Sub District Structures


Legislative Instrument 1589 of I994 established the Town /Area Councils. The sub-district structures of the assembly system were officially operational only in 1998. These sub-district structures are supposed to be rallying points of local enthusiasm in support of the development objective of the District Assembly. Unit Committees are the base structures of the decentralisation system with the responsibility of mobilising community members for local development 

There are two (2) Town and eleven (11) Area Councils in the district. In each of these Councils, are a number of Unit Committees. The sub-district structures have not been functional since their inauguration in 1998. Structural as well as operational issues have hampered their functionality. One serious issue that is yet to be resolved operationally is the role of these Councils in the revenue generation system and the proportion of revenue generated that should be retained at the council level. Out of the 13 councils, only 9 have had their offices constructed. There were efforts in 1999 to recruit staff to get the system operational but this has not come to fruition. Support from central government has not materialised to get the system functional. The present plan would seek to strengthen the sub district structures in the next two years.

Other institutions


There are other para-statal and non-decentralized departments in the district that contribute to the development of the district. These are:

  • Commission on Human Rights and Administrative Justice (CHRAJ) National Commission on Civic Education (NCCE)
  • Non formal Education Division (NFED).

The NCCE is responsible for not only inculcating in the people a sense of civic responsibility, but also a sense of human rights. The CHRAJ is to ensure that human rights abuses are prevented, resolved or punished. To reduce the literacy levels of especially the adults in the district, the NFED has been established and operating in the district for the past ten years. Impact studies of the NFED have not been done to assess the extent of successes of the project. The NFED is currently undergoing institutional review at the national level to redirect its strategy

Participation of Women in Development Process


Gender issues are crucial for development. Gender refers to the culturally constructed roles, responsibilities and expectations of both men and women. By virtue of the role of the woman in the district, she is so overburdened that her contribution to the household and societal development is not recognised. The concern now is how can we get the men folk to assist women in their traditional roles? How can the burden of women be lessen so that they can participate meaningfully in the development process?

Indeed, the participation of women in the development process has now become a genuine issue. Studies have showed that the impact of women’s involvement in the process of development is not only beneficial to women alone, but to the household and the society at large. 

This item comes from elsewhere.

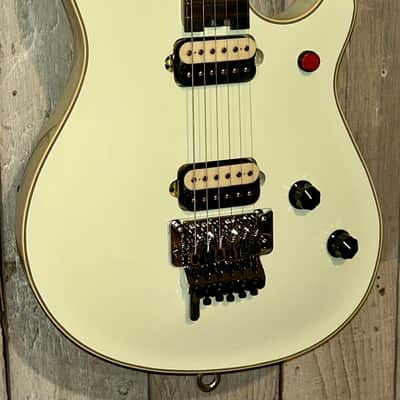NEW EVH MIJ Series EVH Signature Wolfgang - Ivory, In Stock and Ships Fast! Pro Set Up Included! image 3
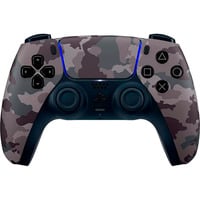 Sony 1000050566, Gamepad grå/camouflage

Because gender is well adopted when it is mainstreamed into sectors, the Assembly has been working under different projects to mainstream and include women in the planning and implementation of projects. One sector that has achieved this well is the water and sanitation sub-sector. The Assembly will continue to ensure that women actively take part in the decision-making processes, especially at the Town and Area Council levels and at the community levels

Key Development issues affecting good governance in the district

  1. Lack of skills of staff
  2. Lack of an effective Monitoring  & Evaluation System
  3. Poor Local Government. Infrastructure
  4. High illiteracy rate among Assembly persons
  5. Poor capacity of Assembly persons
  6. Non-functional Town Area councils.